Saturday 21 May 2011

Groucho

Am never drinking again. Apparently while I was dying with the phone off the hook yesterday, Barney tried to ring and tell me that I'd got the part in the Sugarwheat advert. Seems that Jamie Oliver has got his other half up the duff and wants to spend more time with the foetus. The bastard fucking thing was, they wanted to start filming yesterday evening. Well there goes another break, guess who got it? Well guess! Bloody Paul Ross! They waved a pound coin in his face and he leapt at the chance to dress as a sugared wheat fragment, twat.
After receiving the tragic news this morning I retired to my bed in the vain hope that nothing else would go wrong, I'd been tossing for a while when the phone rang, it was Barney again, seems that Michael Malonie is putting on an experimental production of a new play called "Stuff the government" which was written by Billy Bragg and some pleb called Reggie Hatstaff, I mean, what kind of name is Reggie in this day and age he sounds like a gangster.

After showering and dressing, I went to meet Michael - as he bade me call him - in the Groucho Club. After an hour of demanding to be let in and bathing the wounds inflicted by the Concierge, I was shown to my table and awaited Michael's arrival. To steady my nerves I had a couple of Vodkas, well, four or five actually. After about another hour Michael arrived with believe it or not Billy Bragg. I couldn't believe it, Billy Bragg in the Groucho!. Michael seemed to detect my surprise, and said " Oh sorry forgot to tell you that Billy would be joining us, hope you don't mind." At this point I felt every sip of the vodka I'd just drunk hit my brain. "No, ssis play after all he can do what he wants" I said less than eloquently. "Right" said Michael. "Hurgh," said I. Then Billy piped up. "I 'ate these elitist institutions usually but he wouldn't let me meet you in the Dog & Bone." I felt myself redden. "Erm dog and bone phone, right, fuck!" At this point I'd fallen off my chair and head butted a waiter in the testicles, he writhed in agony while trying to save face I asked him for another vodka.

"Right let's get down to it love"
"Don't fucking call me love you Bourgeois parasite"
"Not you darling was talking to Jeremy"
"Sorry"

The waiter dabbed the front of my Gaultier jacket I'd got residue from the Bloody Mary the waiter was carrying all over the front of it.
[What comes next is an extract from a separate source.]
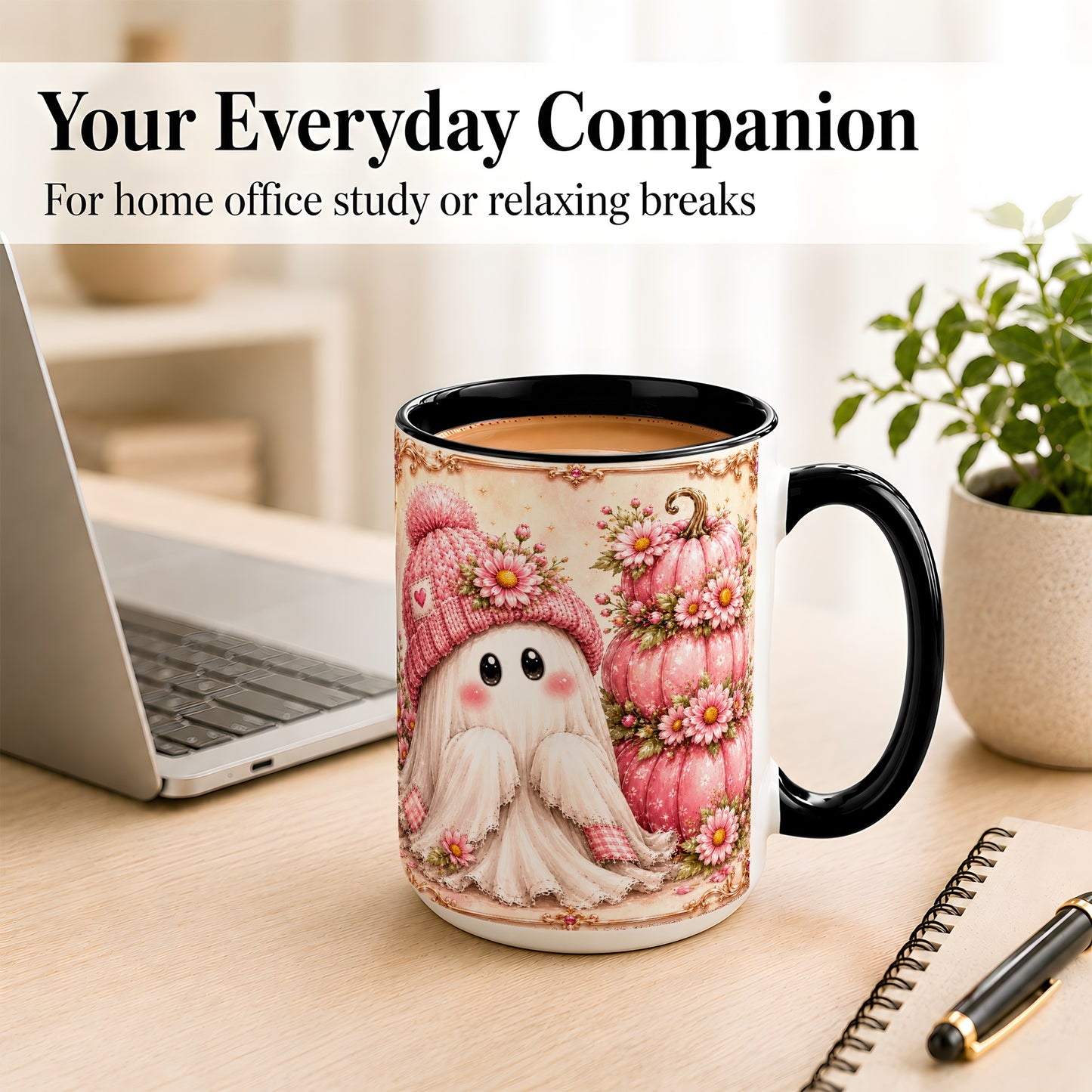 #pl[15oz|Black] Pink Pumpkin Ghost Coffee Mug, Floral Autumn Mug, Ceramic Cup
Looked as if I'd been in a terrible accident, in fact several new arrival were seen to start and let out a gasp at the site of this bloodstained apparition being tended to by a buckled waiter with tears running down his cheeks.
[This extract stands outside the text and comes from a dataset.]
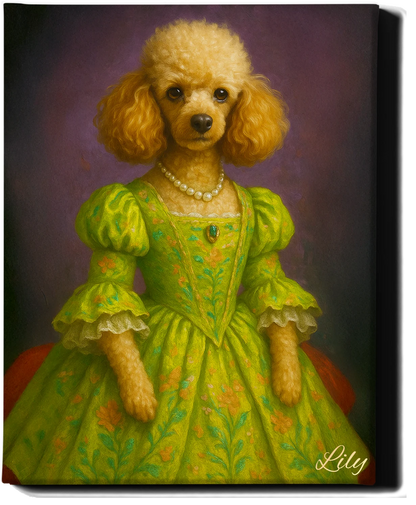 Custom Royal Pet Portrait | Green Queen | Personalized Wall Art for Pet Lovers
"Right Micheal am so sorry think I've got a virus or something" He looked at me unconvinced. "Yes dear, Robert Stephens used to get the same virus most days," and I reddened more and took a large glug of the Vodka the waiter had just handed me.

Then without warning Billy leaned over and said "See that girl over there, look at the jugs on that." I looked over at a long legged blond girl who was just ordering a drink from the bar. "I'd shoot in her face eh!" I couldn't help myself it just crept out I opened my mouth and said "Urgh!" He seemed non plussed at this and cried "Oh fuck sorry mate I didn't realise you were a poof" Michael smiled patted my leg and said "Of course he is, he was shagging Jack Muscovites last month in LA, it was all over the US press, right lets order I'm starving"

"Oh, I don't buy newspapers," said Billy. "Anyway, I want to tell you about this new project. What I want to do is do a tribute to the greatest leader this country has ever had."

"Winston Churchill," I said while dabbing at my lapel with the table cloth.

"Do me a favour!" He exclaimed and pulled his guitar out of its case. "I mean Margaret Thatcher, the tender goddess whose like we'll never see again."

Then he started to play a song.

Oh Maggie, we love you.
Love, lovey, love you...

At this point I stood up and punched Bragg on the chin and he stopped playing and began sobbing into his prawn cocktail.

The rest of the dinner went without much more pantomime, apparently Michael sees my part as the hub around which the wheel of the entire play is woven, I made a comment that I didn't think that they wove wheels around hubs or some such and he said that I should try and get something for the virus.